No había necesidad de ello. Las cosas habían arrancado por fin. Ese día sabíamos qué teníamos que hacer y qué esperábamos averiguar.

Al cabo de poco, besé a la niña, besé a Helena, eructé, me rasqué, conté las monedas que llevaba en el bolsillo, prometí ganar más, me peiné a toda prisa y salí con Petronio.

No le habíamos contado a Frontino nuestros planes. En su lugar, teníamos a
Nux.

Helena no la llevaría de visita porque nuestra perra era enemiga declarada del famoso gato de Petronio. A mí no me importaba en absoluto que maltratase a aquella pulgosa criatura, pero Petro se pondría de mal humor. Además, Helena no necesitaba un perro guardián cuando salía con mi hermana Maya.

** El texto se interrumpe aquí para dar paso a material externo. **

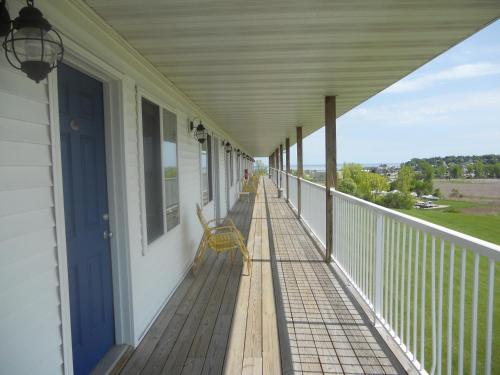 a porch of a house with a yellow bench on it at Coho Motel in Kewaunee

Ésta era más agresiva que cualquiera con quien pudieran encontrarse en ese corto recorrido por el Aventino.

Petro y yo íbamos en dirección contraria. Nos dirigíamos a la calle del Cíclope, en el Caelio. Teníamos que entrevistar a la amiga de Asinia.

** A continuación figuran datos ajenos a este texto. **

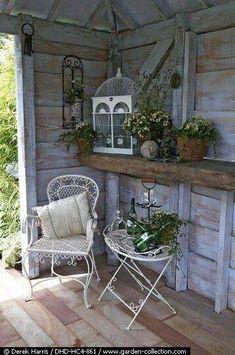 an outdoor patio with two chairs and a birdcage on the wall, surrounded by potted plants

Se llamaba Pía, pero el zarrapastroso edificio en el que vivía nos hizo saber de antemano que su altivo nombre no le era nada apropiado. Resultaba difícil comprender cómo había hecho amistad con alguien de la buena fama de Asinia, aunque sabíamos que eran amigas desde hacía tiempo. Yo era demasiado viejo para que me preocupara cómo eligen las chicas sus amistades.

Subimos varios tramos de unas escaleras apestosas. Un portero con bocio nos hizo pasar pero se negó a acompañarnos hasta arriba. Pasamos ante puertas ennegrecidas, apenas iluminadas por pequeñas rendijas en las sucias paredes. Antes de subir a la primera planta, ya nos habíamos manchado la túnica. En los sitios en los que se colaban haces de luz, flotaban en el aire gruesas motas de polvo. Petronio tosió y el sonido resonó en el edificio como si éste estuviera vacío. Tal vez algún magnate esperaba poder echar a los inquilinos que quedaban para remodelarlo y alquilarlo a buen precio.

El lugar amenazaba ruina y el aire tenía el olor rancio de la desesperación.

Pía esperaba visitas. Pareció aún más interesada cuando vio que éramos dos. Le dijimos que no comprábamos nada y su tono de voz se tornó menos amable.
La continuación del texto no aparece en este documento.